Northern peatlands are an important component of the global carbon cycle, but existing models of carbon accumulation fail to include potential complex behaviors. At least two feedbacks that are unique to these ecosystems will likely cause complex behaviors both spatially and temporally: (1) organic matter accumulation is controlled by hydrology, but as thick organic deposits accumulate, they in turn control the hydrology and resulting biogeochemical environments. (2)Sphagnum mosses are a dominant component of productivity in many peatlands, but they influence nutrient and carbon fluxes unlike any other vegetation type. First, mosses acquire all of their nutrient inputs from the atmosphere or the first several cm of surface peat, resulting in soil nutrient uptake that is vertically segregated from vascular plants. Secondly, mosses decay at extremely slow rates and have very low nutrient concentrations. Thus, mosses act as a strong filter for nutrient fluxes to other plant life forms, and thereby introduce a delay in the flux of nutrients through peatlands.

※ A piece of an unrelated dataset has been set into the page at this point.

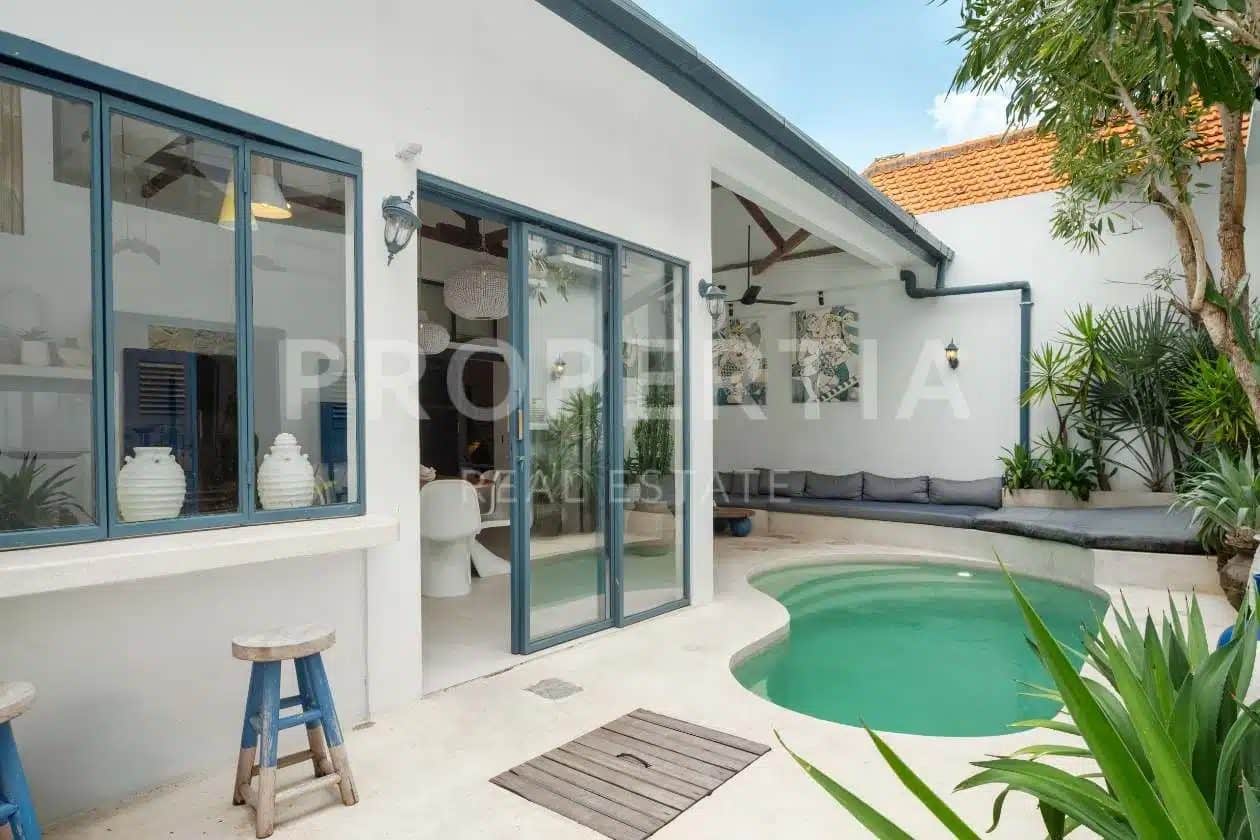 20-bedroom freehold villa in Ubud — photo 5 of 5
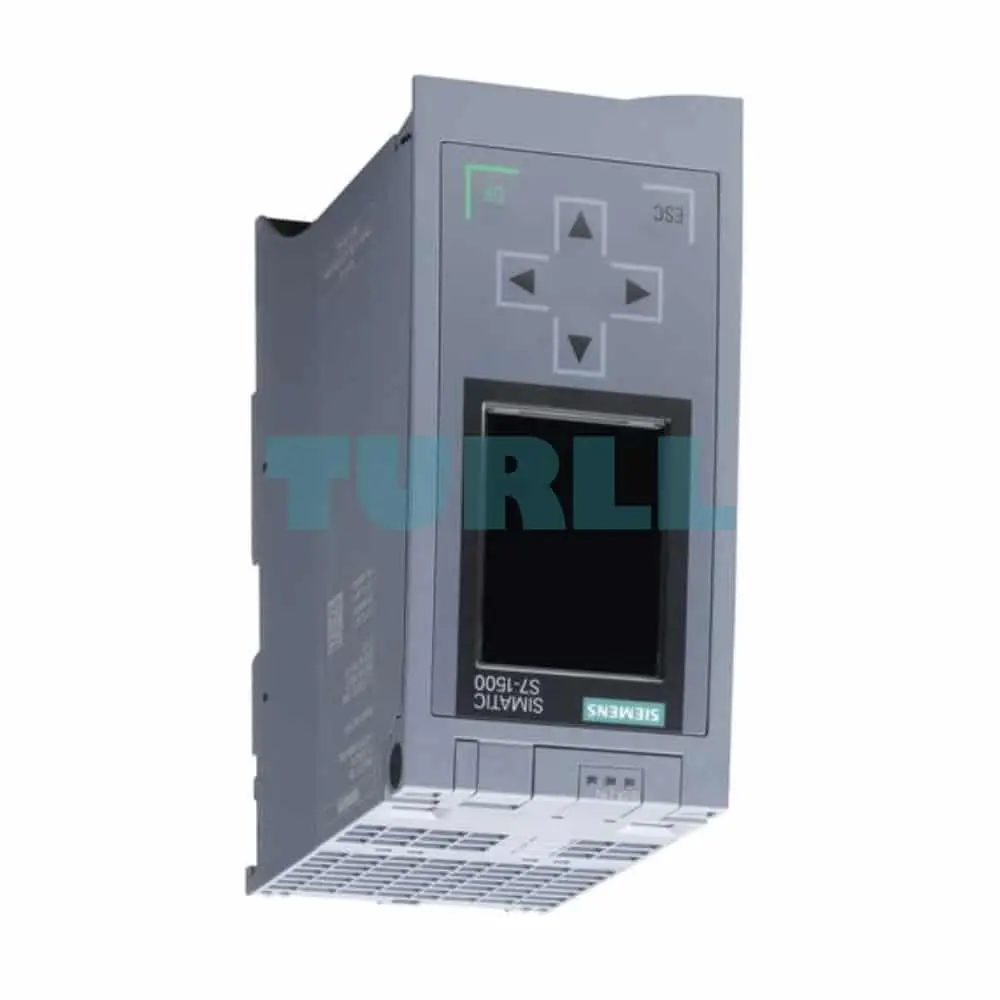 6ES7515-2RN03-0AB0 Siemens SIMATIC S7-1500R CPU 1515R-2 PN Original Brand New 3 6ES7515-2RN03-0AB0 Siemens SIMATIC S7-1500R CPU 1515R-2 PN Original Brand New - Image 3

The objective of this incubation proposal is to bring together two research groups that have developed separate models of peatlands which display complex behaviors. Roulet and Frolking have developed models of feedbacks between carbon accumulation and hydrology, whereas Bridgham, Pastor, Chen and Weltzin have developed a model of feedbacks between plant communities and nutrient availability. We will achieve our objective by hiring a postdoctoral associate and holding two group meetings to (1) integrate these two modeling approaches, (2) explore the complex dynamics of the models, and (3) develop a framework for a more comprehensive simulation model that can both (i) simulate the initiation and development of peatlands over thousands of years and the resulting pattern of different peatland ecosystems that form on the landscape, and (ii) explore their shorter term response to climate change. We will use the results of these incubation efforts to submit a full proposal to the Biocomplexity Special Competition in two years to finalize the development of, experimentally parameterize, and test this ecosystem model. This model will provide great insight into the complex behaviors of these unique ecosystems and will be invaluable in predicting the effects and potential feedbacks of climate change on peatlands. Furthermore, the construction and analysis of this model will provide the focus for building collaborations among our groups.
FUNDED 2000, BY NSF
Below is the proposal as pdf files.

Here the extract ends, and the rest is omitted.